It’s Di.
Beddy continues to walk forward, and Di tightens her grip. Looks into her eyes. The pity is gone, replaced by something harder. Recognition. Beddy’s feet stop.
They walk back in silence, arm in arm. Already the sky seems lighter. She feels the fog droplets on the end of her nose, feels them soothe her face.
She remembers the re-enactment she saw on tv of a girl who saved her younger sister from being sucked into a storm drain. The younger was using her beach toys in a gutter during a rainstorm, and when she lost her grip on her sailboat and it went toward the drain, she reached for it and lost her balance. She would have lost a lot more than that had the older one not been nearby and bounded into the deepening water and grabbed onto her arm. She stayed like that until a cop driving by saw them and saved them both. When he asked the older sister afterward if she had held onto something to anchor herself, she said no. They were around the same size, so there was no logical reason that she was not swept away, too. She just held on. She dislocated her shoulder, but she held on anyway.

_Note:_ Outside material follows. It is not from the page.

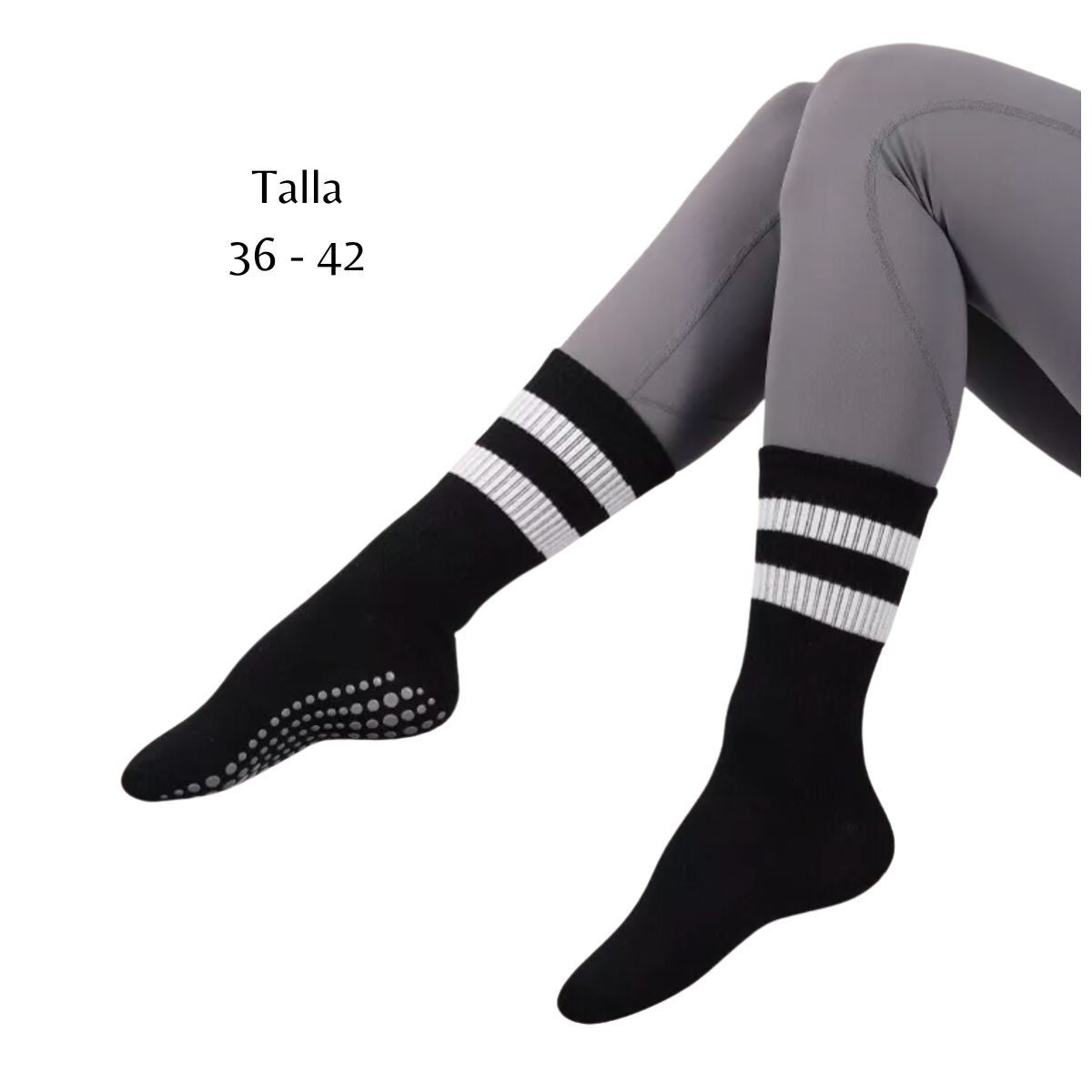 GENERICO - Calcetines Antideslizantes Algodon YOGA PILATES Set 3 Par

They reach Connie, who stands in front of the entrance of the auditorium with her arms crossed.
“Welcome back. It’s not like we were already late or anything.”
“More importantly,” Di says, “I can’t believe you won’t write a note for that car. You are a caveman. I swear.”
“Caveperson. And you are genteel as all fuck. You’ll always be my moral superior. I’m not going to fight you for that.”
“What if someone did that to you?”
Connie links arms with Di, making them a chain of three.
“People don’t door me, I door them first.”
They enter the building, Beddy thinking that friends don’t realize their own heroism.